あなたを推したいと思った日

覚悟を決めた瞬間から感情が溢れて止まらなくて、泣いたり笑ったり悩んだり、忙しい。
今までどこに隠れてたんだってくらいの情熱が胸を満たして、収まらない気持ちは涙としてこぼれて、でも不思議と心地よい。

ある俳優さんのことを好きになった。


好きになった動機は顔がめちゃくちゃタイプだったからなのだけど、彼について知れば知るほど、ずっと活動や表現を見ていたいと思うようになった。

顔だけじゃなくて彼の言葉や性格や考え方がとても好きで、彼がSNSを投稿したり雑誌に載ったり何か活動をしたりする度にはしゃいでいたら、友達に「こんなに浮かれているあなたは見たことない」と言われる始末だった。自分でもびっくりするくらい彼の活動や言葉が毎日の励みになっていて、彼を知ってからものすごく健康に過ごすことができている。

先日、彼のカレンダーイベントに行ってきた。カレンダーを購入したらサインをしてもらえて、少しだけ彼とお話できる時間がある。正直、こういった直接お話できるイベントはとても緊張するし、話すのが得意ではないのでものすごく不安だった。

彼は、とても、とても、優しかった。
今まで苦手ながらも芸人さんやバンドマンと直接お話することはあって、みんな客商売だし不快になる対応をする方なんて一人もいなかったけど、その誰よりも雰囲気が良くて話しやすかったと思う。私はガチガチに緊張してて死にそうだったけど。

私はただお礼が言いたかった。

まったく誇張ではなく、大好きな彼の顔やSNSでの言葉が毎日の励みで原動力で癒しで元気を貰ってる、ありがとうって言えればそれで十分だった。

なのに。

2回目が終わって、ブースから立ち去ったあと、話したいことがどんどん沸きだして止まらなかった。
彼を知ったラジオのこと、見に行った舞台のこと、そこであった嬉しかったこと、今度やる舞台のこと、雑誌のこと、サイン会のために買った服のこと、カレンダーのこと、それから、それから…。

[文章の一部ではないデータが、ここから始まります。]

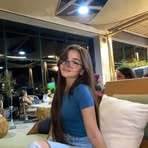 Nada Mohammed - Facebook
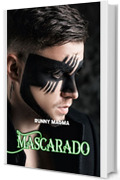 Mascarado
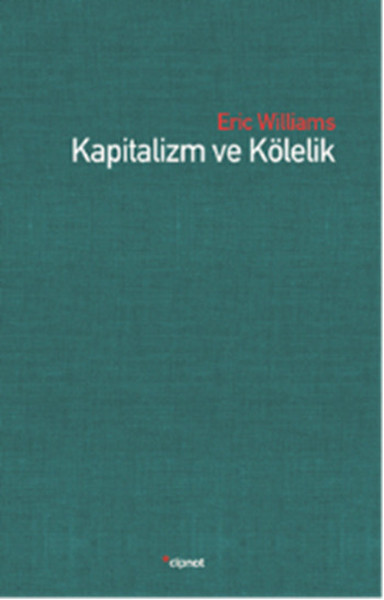 kapitalizm-ve-kolelik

建物から出て駅から歩く道すがら、嬉しくて寂しくて胸がいっぱいで泣きそうだった。サイン会のために服を新調したと言った彼に感化されて着てきたお気に入りの真っ赤な古着のワンピースは、冬に差し掛かったオフィス街では浮いていて、それがまた寂しさを加速させた。
大阪に向かう新幹線の中でも、最寄り駅から自宅まで歩く夜道でも気が緩むと涙が止まらなかった。帰りたくなくて道にしゃがみこみそうになるのを堪えながらゆっくり歩を進めていた。

夢うつつのなかで、彼がその夜更新したInstagramはやっぱり優しくて思いやりに溢れていてそこにいた誰をも肯定する言葉で、また泣いた。

翌日、彼の主演舞台が発表された。

Twitterに吐き出しても繰り返し考えても止まらない。

私に何が出来るだろう。

私にしか出来ない方法で私にしか伝えられない言葉で彼を応援したいと強く願った。

彼を推そう、と覚悟を決めた。

飽きっぽくてめんどくさがりで好奇心旺盛で毎年色んなジャンルに首を突っ込んでいるような中途半端な私だけど。
せっかくの主演舞台だって全通しますって胸を張って言えるようなガッツもないような私だけど(これは本当に現実的に考えて厳しいので)。
終わりのことばかり考えてしまって一歩を踏み出せない私だけど。

でも、私にしか出来ないこともきっとある。

行かないつもりだった次の舞台のチケットを取った。
止まらない想いを届けたくて手紙を書いてポストに投函した。

届け、届け、と願って。

あなたを推したいと思った日のこと。